In order to know whether a child has the intelligence of his age, whether he is retarded, or advanced, and how much, we need to possess a precise and truly scientific method.
– Alfred Binet, Les idées modernes sur les enfants (1909)
MUCH OF WHAT we know about intelligence has originated from psychometrics. Other psychological traits, such as human personality, have also been the object of study of psychometrics. In this chapter, we will look back at the roots of psychometrics and its current development for the evaluation of personality and cognitive abilities. About the question of one or many ‘intelligences’, we will overview how several models arrange abilities in a hierarchical way. Intelligence quotient (IQ) tests will be discussed, as well as the meaning and existence of the g factor. We will cover the major developments in item response theory and adaptive tests, as they will prove key for the rest of the book. Finally, we will briefly touch on some of the heated debates, such as the nature versus nurture dilemma, the analysis of group differences, the Flynn effect and the way variously gifted and disabled people affect psychometric theory and testing.
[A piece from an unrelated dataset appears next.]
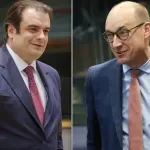 Eurogroup – Ποιος θα ηγηθεί της ευρωζώνης: Πιερρακάκης Vs Βαν Πέτεγκεμ – Το απόγευμα η ψηφοφορία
TELLING IDIOTS SAVANTS APART
The oldest accounts of formal systematic psychological testing are said to have originated in China about three millennia ago. The assessment of candidates for public service officers comprised the ‘six skills’, the ‘six conducts’ and the ‘six virtues’ (Rust and Golombok, 2009). At the beginning of the seventh century ce, an “essentially open competitive examination took place annually or every three years, [with gradually] adjusted examinations [that] were based on general learning rather than specific or technical knowledge” (Teng, 1943). These procedures were borrowed for Western academic and civil recruiting during the seventeenth and eighteenth centuries.
Recruiting was just one of the motivations behind the birth of modern psychological testing. During the second half of the nineteenth century psychological testing was further elaborated as a tool to understand and improve children's mental development and education, to detect the intellectually ill or disabled and to ascertain how the principles of evolution, adaptation and individual differences emerged in the realm of psychological traits.